Short web captions:

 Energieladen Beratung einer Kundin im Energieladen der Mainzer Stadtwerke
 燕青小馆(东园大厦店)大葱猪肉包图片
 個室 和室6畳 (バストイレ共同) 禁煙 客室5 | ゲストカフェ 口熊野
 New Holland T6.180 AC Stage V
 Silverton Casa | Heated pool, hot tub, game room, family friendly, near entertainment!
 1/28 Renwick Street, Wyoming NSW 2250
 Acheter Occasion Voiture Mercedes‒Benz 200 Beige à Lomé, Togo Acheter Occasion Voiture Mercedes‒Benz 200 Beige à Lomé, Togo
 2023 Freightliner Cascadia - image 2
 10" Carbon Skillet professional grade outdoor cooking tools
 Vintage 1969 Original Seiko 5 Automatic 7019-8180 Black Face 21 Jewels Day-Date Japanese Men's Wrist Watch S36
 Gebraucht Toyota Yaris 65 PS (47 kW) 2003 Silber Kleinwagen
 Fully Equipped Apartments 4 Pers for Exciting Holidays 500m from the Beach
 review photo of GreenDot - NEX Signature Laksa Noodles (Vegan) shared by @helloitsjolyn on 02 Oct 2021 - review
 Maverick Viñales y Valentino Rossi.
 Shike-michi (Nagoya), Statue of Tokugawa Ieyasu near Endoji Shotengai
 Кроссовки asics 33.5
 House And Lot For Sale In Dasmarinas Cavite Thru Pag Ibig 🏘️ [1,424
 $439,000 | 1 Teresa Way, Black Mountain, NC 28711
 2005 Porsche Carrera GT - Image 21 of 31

YOUR TASK: Reproduce exactly what appears from the line containing "review photo of" down to the final line of the data.

WRITTEN REPLY:
 review photo of GreenDot - NEX Signature Laksa Noodles (Vegan) shared by @helloitsjolyn on 02 Oct 2021 - review
 Maverick Viñales y Valentino Rossi.
 Shike-michi (Nagoya), Statue of Tokugawa Ieyasu near Endoji Shotengai
 Кроссовки asics 33.5
 House And Lot For Sale In Dasmarinas Cavite Thru Pag Ibig 🏘️ [1,424
 $439,000 | 1 Teresa Way, Black Mountain, NC 28711
 2005 Porsche Carrera GT - Image 21 of 31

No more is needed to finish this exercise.